The “walking while trans” ban has obstructed many people from seeking employment, housing and other civil liberties. Advocates who support the revocation said that police officers have used the antiquated law, Section 240.37 of the New York State Penal Code, to harass and detain transgender women of color for simply walking down the street.
After years of advocacy work and local organizing, the repeal bill finally reached the assembly floor in 2019, but it wasn’t voted upon. It would later stall in the Senate Codes Committee. Activists started to question Senate leaders a year later about the bill’s delayed process, amNY reported.

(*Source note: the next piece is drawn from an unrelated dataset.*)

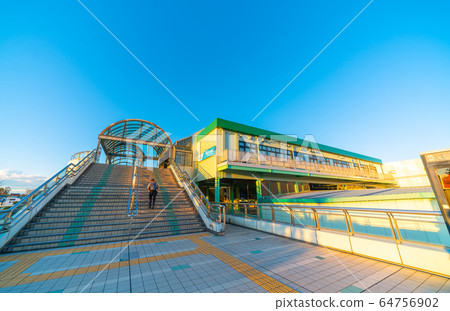 Fujisawa cityscape in Japan, with views of Rokukaibi-Omae Station bathing in the setting sun 64756902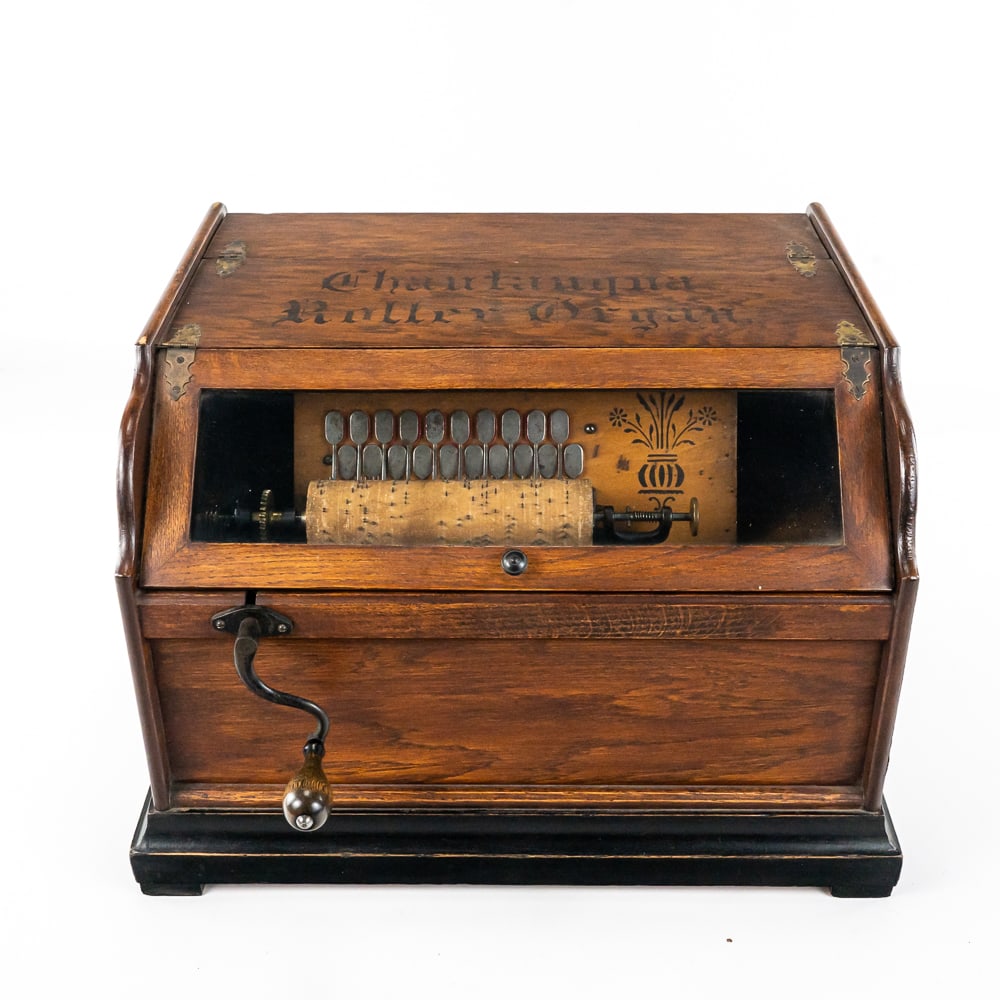 Chautauqua Roller Organ: This machine in its oak cabinet has its original finish and stenciling in good original condition with the usual wear. The cabinet features hinged top covers. The smaller one which is for volume and e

Manhattan State Senator Brad Hoylman, who is gay, and Westchester Assemblymember Amy Paulin, the bill’s lead sponsors, worked with advocates to drum up support from other lawmakers. In June 2020, the New York Senate acquired the co-sponsors necessary to pass the bill and the support snowballed from there.
“The Senate today corrects an injustice in our penal code that has permitted law enforcement to arrest transgender women — namely those of color, along with immigrants and LGBTQ youth — simply for walking down the street and the clothes they wear,” Hoylman said in a statement after the bill passed. “This outdated, discriminatory statute has led to hundreds of unnecessary arrests of transgender women of color and a broader culture of fear and intimidation for transgender and gender non-conforming New Yorkers.”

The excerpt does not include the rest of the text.